What the exercise asks
In the entries that follow, the lines from the line containing "Stirfried Sausage and" up to and including the line containing "Gap Pull On" must be copied exactly, with pictures omitted.

Task input
<<<<
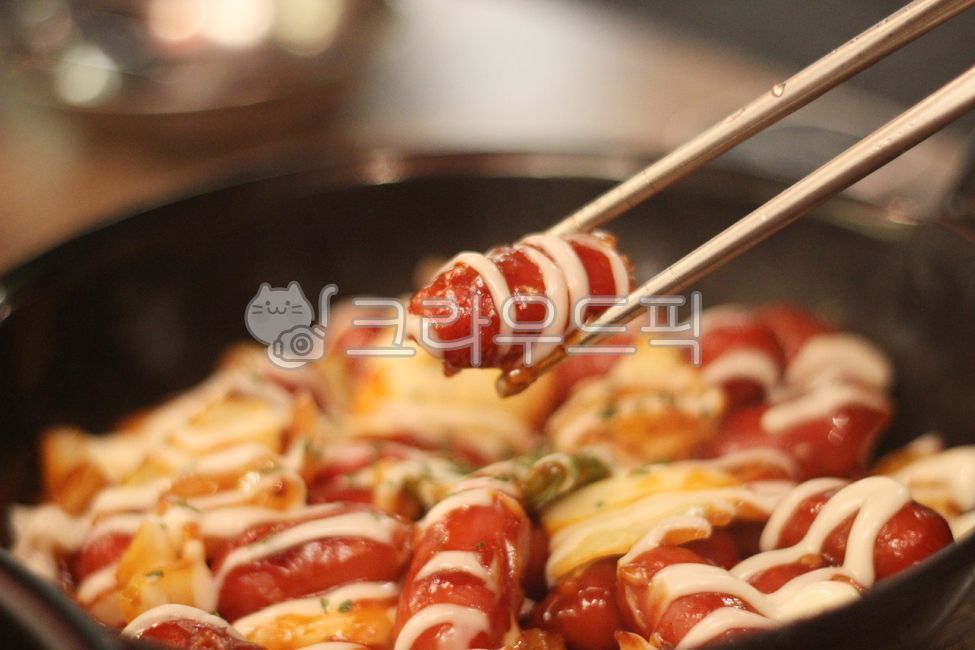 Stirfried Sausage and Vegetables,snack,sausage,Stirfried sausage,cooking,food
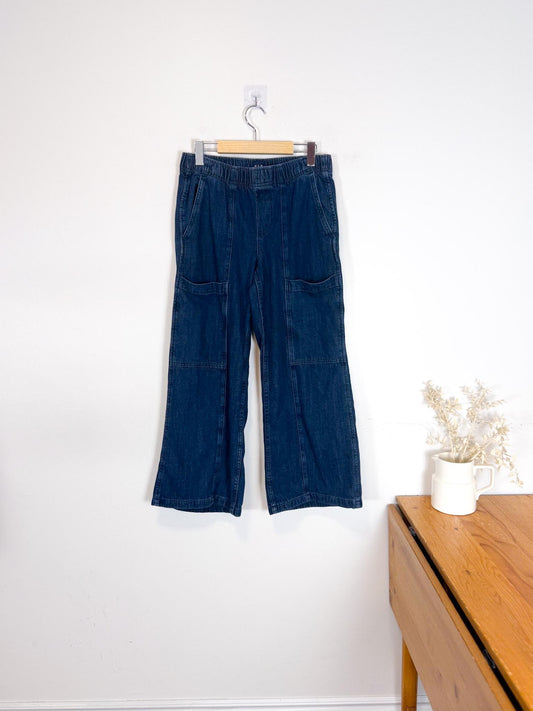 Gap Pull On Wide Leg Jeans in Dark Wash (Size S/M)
>>>>
<<<<
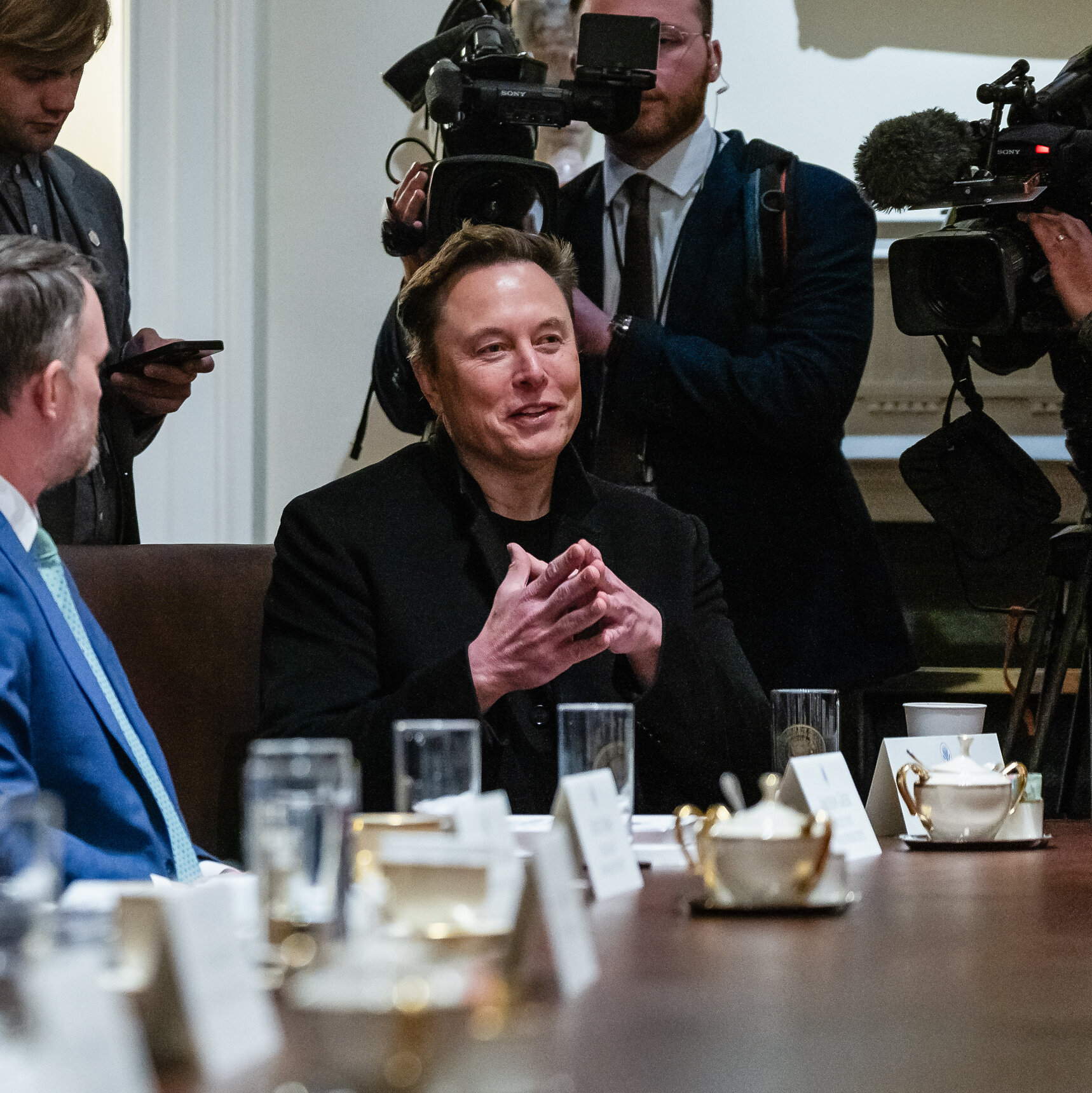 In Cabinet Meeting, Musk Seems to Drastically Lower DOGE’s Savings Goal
>>>>
<<<<
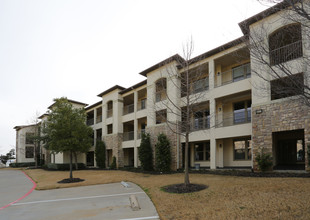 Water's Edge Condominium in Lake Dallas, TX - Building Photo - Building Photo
>>>>
Task solution
 Stirfried Sausage and Vegetables,snack,sausage,Stirfried sausage,cooking,food
 Gap Pull On Wide Leg Jeans in Dark Wash (Size S/M)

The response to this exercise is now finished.